C’est compliqué : le principal du collège doit demander l’autorisation à son ministère de tutelle et la réponse peut mettre des jours, voire des semaines à venir.
L’envoyé spécial jette un œil aux questions préparées par les globe-reportrices et se rend compte que des élèves seraient tout à fait capables d’y répondre. Aussi demande-t-il à Saran si des pensionnaires de l’orphelinat seraient disposés à répondre à nos questions.

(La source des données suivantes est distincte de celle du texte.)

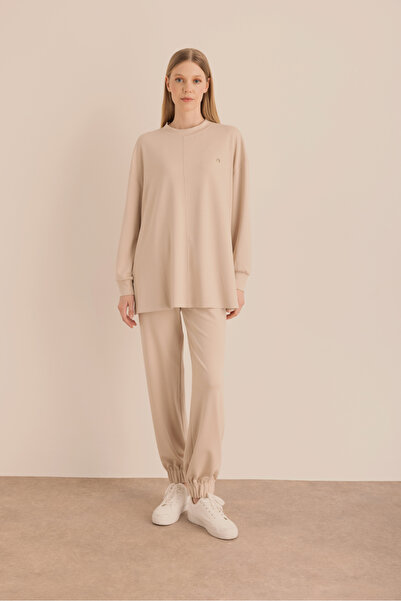 Aker Kup Detaylı Sweatshirt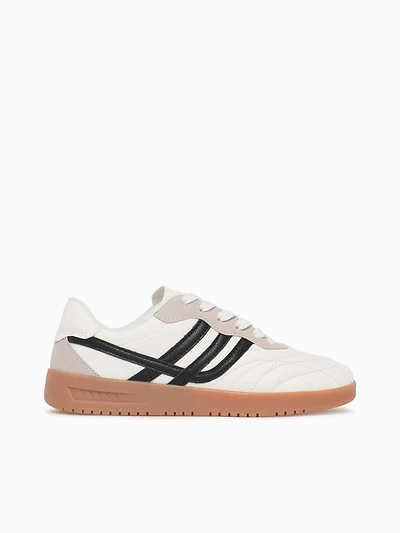 Veronica White Black Original Smooth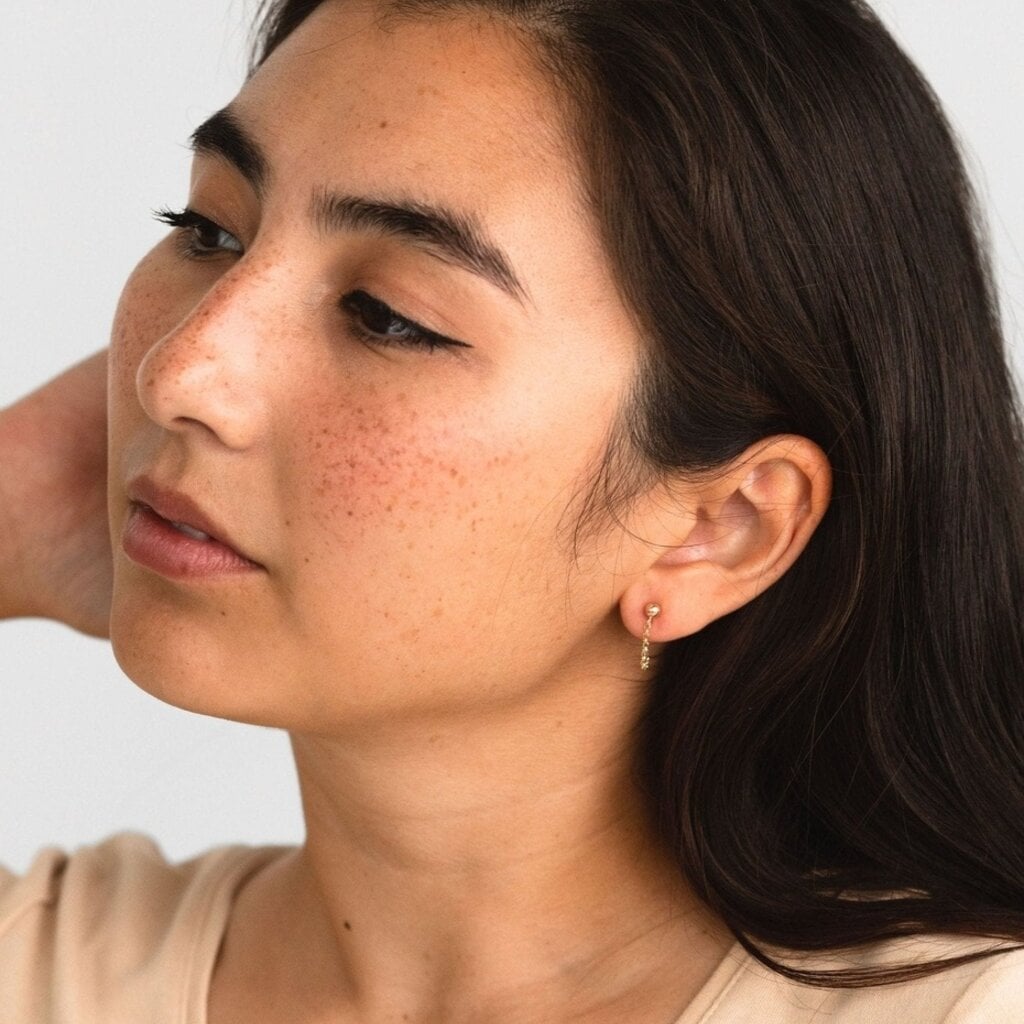 Chain Stud Earrings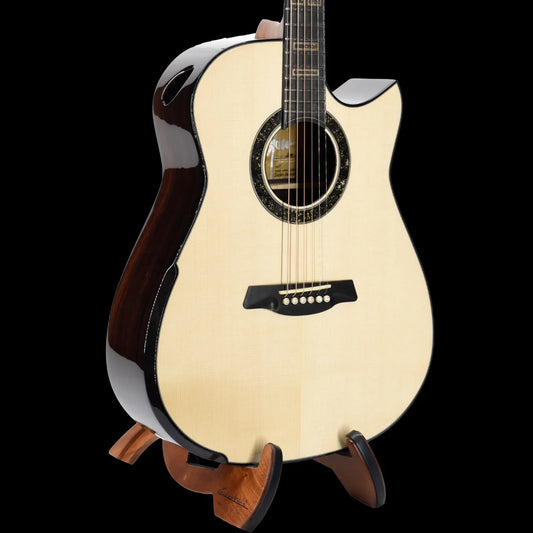 Hozen Guitars Gold Label MD Swiss Moon Indian Rosewood Modified Dreadnought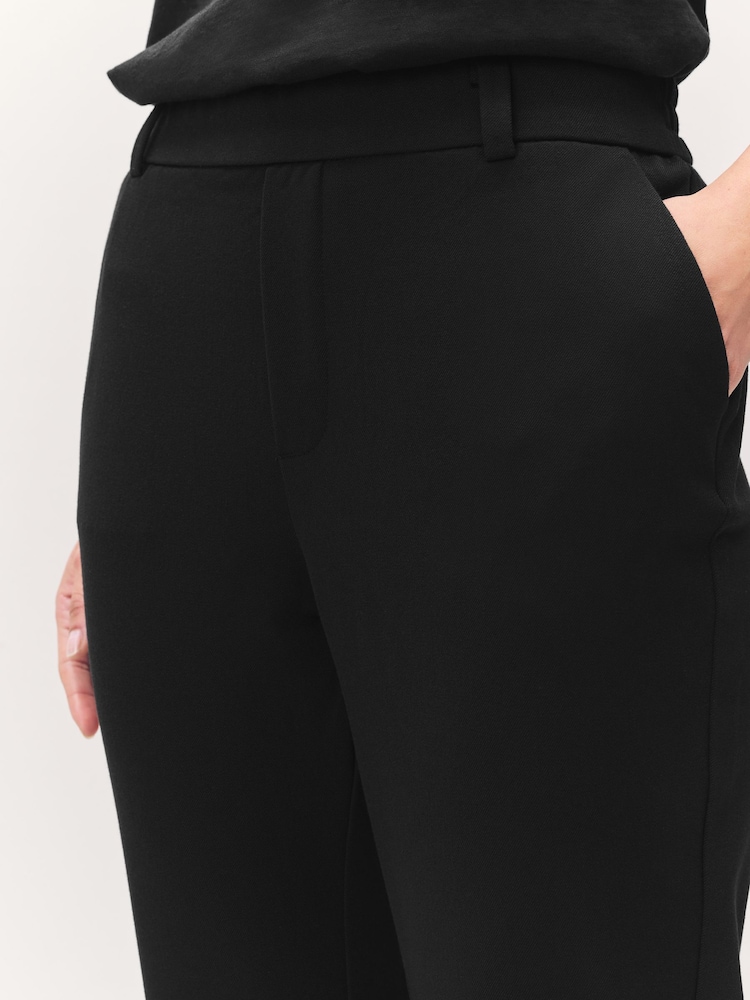 VERO MODA Black Slim High Waisted Trousers - Image 6 of 7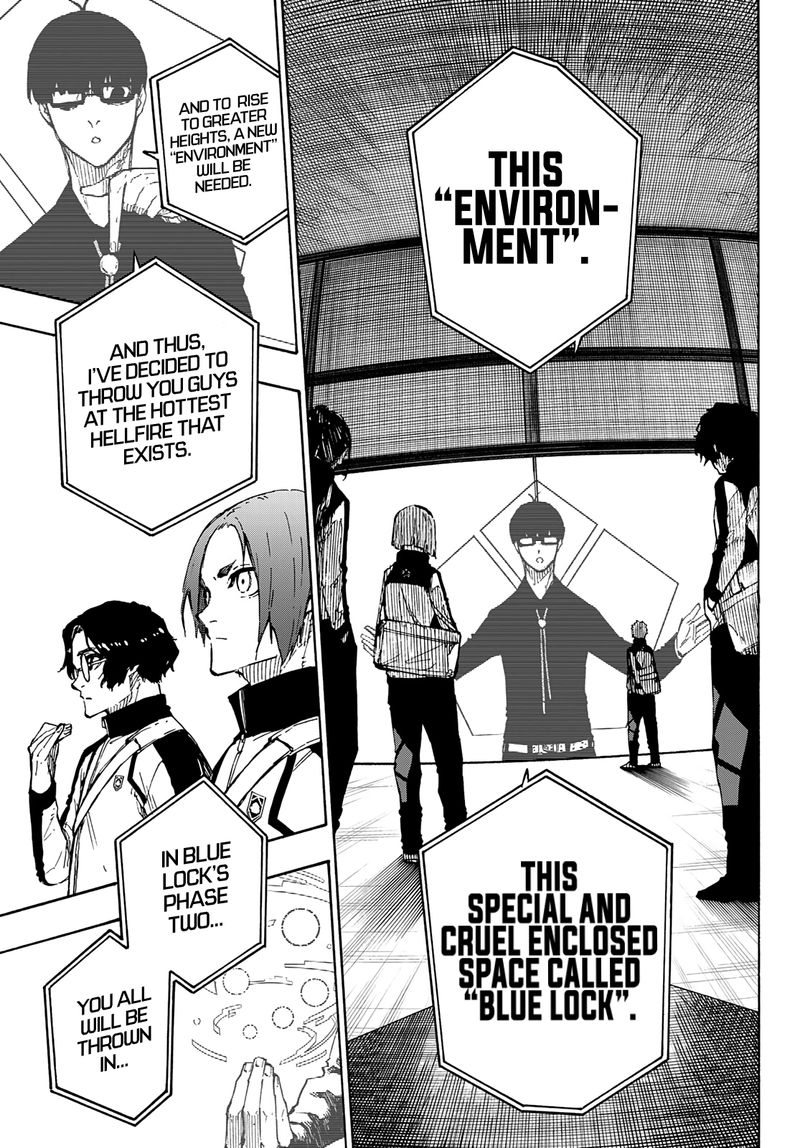 Blue Lock, Chapter 153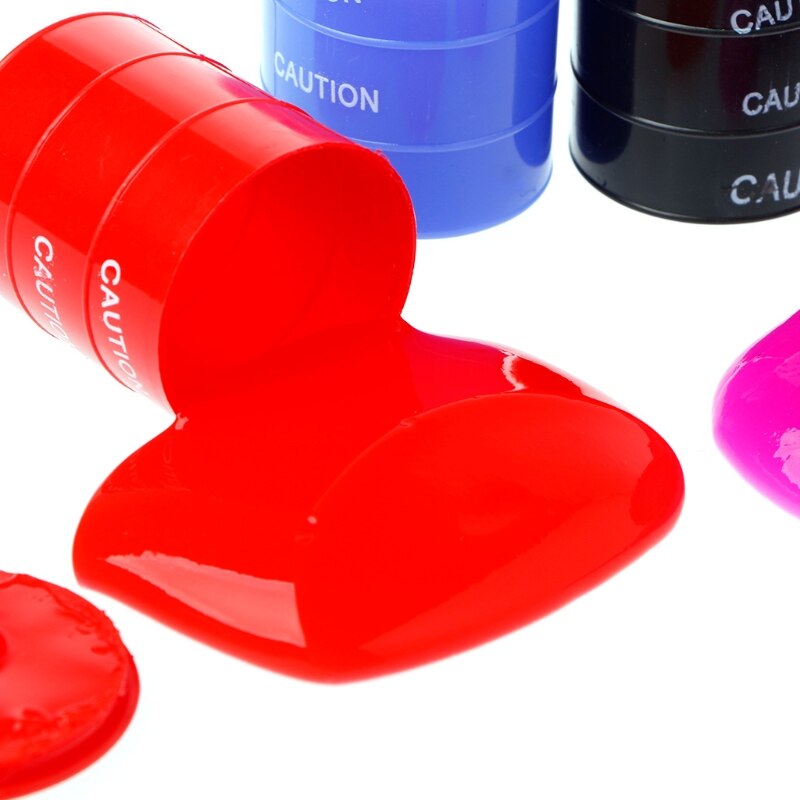 Juego de broma para fiestas de barril O Slime, relleno para piñatas, juguetes mágicos de broma, 1 unidad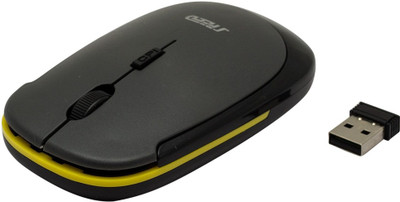 Speed Mini 2.4 ghz Slim Ultra-thin 3500. Wireless Optical  Gaming Mouse  with Bluetooth(Grey.)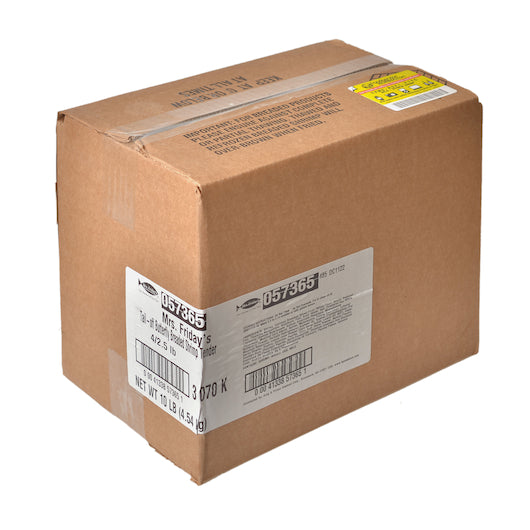 Mrs.Fridays Tail Off Breaded Tender Tail Off 44-62 Ct Shrimp, 4 x 2.5 lb Case - DOT product image 7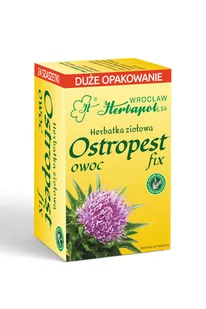 HERBAPOL OSTROPEST OWOC  FIX - Herbata - miniaturka - grafika 1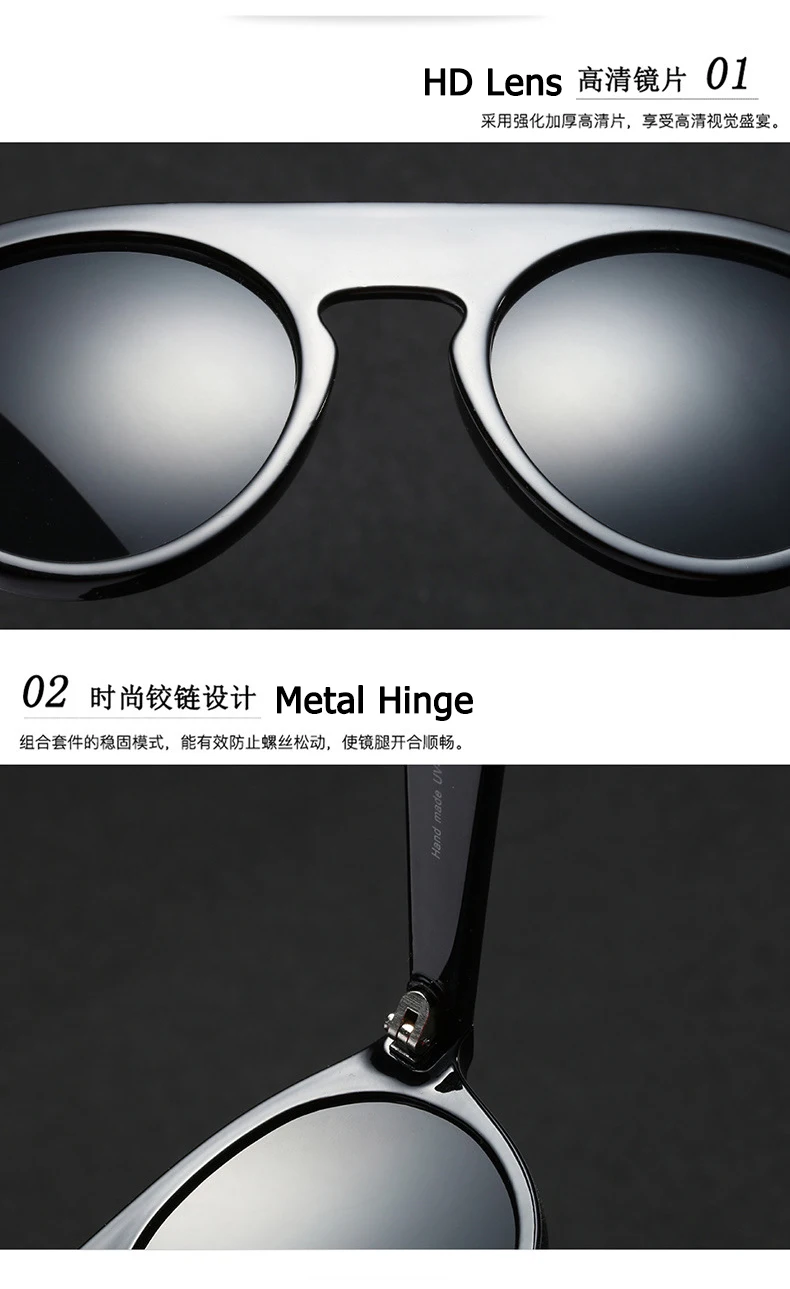 JackJad, Модные Винтажные круглые солнцезащитные очки в стиле Кристофера, Классические градиентные брендовые дизайнерские солнцезащитные очки Oculos De Sol 92187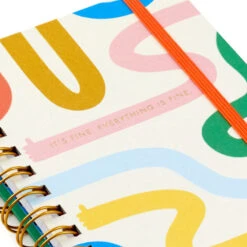 Hallmark It's Fine Thumbs-Up Journal -Hallmark Gift Shop ThumbsUp Notebook 3HWJ2119 05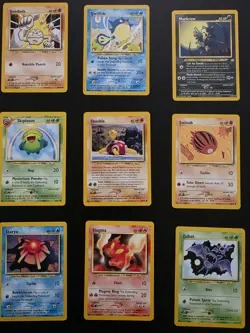 Pokemon Neo Revelation 16 Card Bulk Lot No Duplicates LP WTOC Vintage TCG - Image 5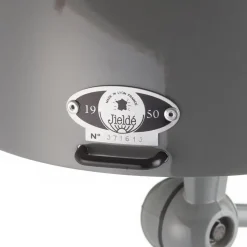 Jieldé Aicler AIC833 gulvlampe 80+30 cm, grå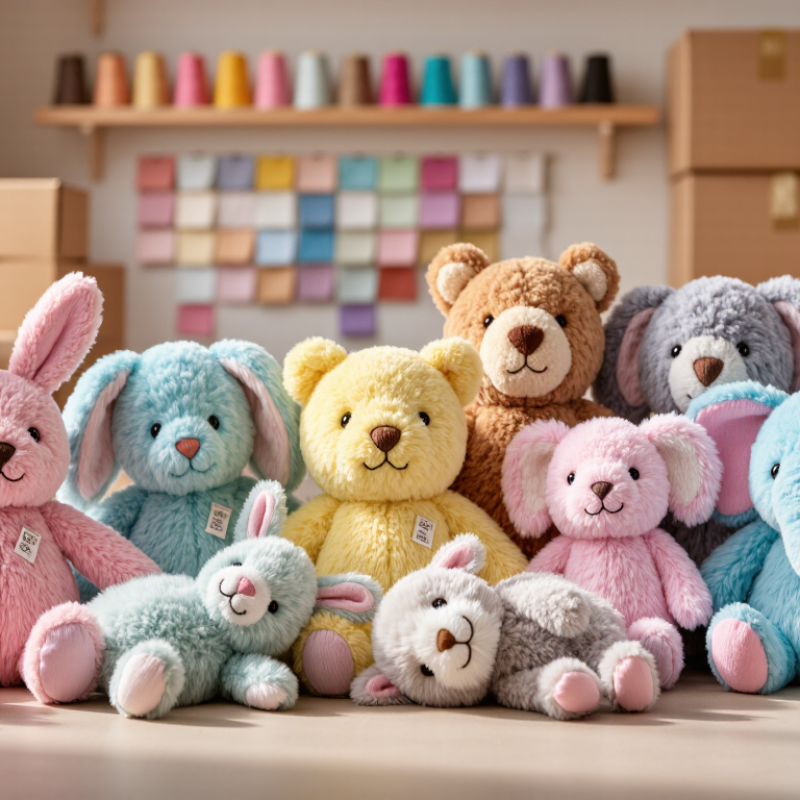 China Top Promotional Plush Toys Supplier for Bulk Orders?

Ils n’ont guère le choix : Saran fait asseoir les plus grands d’entre eux sur une grande terrasse ombragée pour leur expliquer pendant de longues minutes la démarche de l’envoyé spécial qui est impressionné par le silence et la discipline qui règne ici.
La société khmère est structurée par une forte hiérarchie sociale où l’âge détermine l’autorité et le prestige, influencée par le bouddhisme theravada qui valorise la sagesse acquise avec les années.
Les jeunes cèdent toujours la place aux aînés, mangent après eux et utilisent des termes honorifiques spécifiques comme « lok » pour les personnes âgées.
Saran demande alors à deux volontaires de venir se présenter pour répondre aux questions de l’envoyé spécial préparées par Shailly et Ayesha.
Tout le monde se regarde, hésite et ce sont finalement Khuon, une jeune fille, et Chorn Tina, un jeune garçon qui se présentent devant le micro de notre envoyé spécial.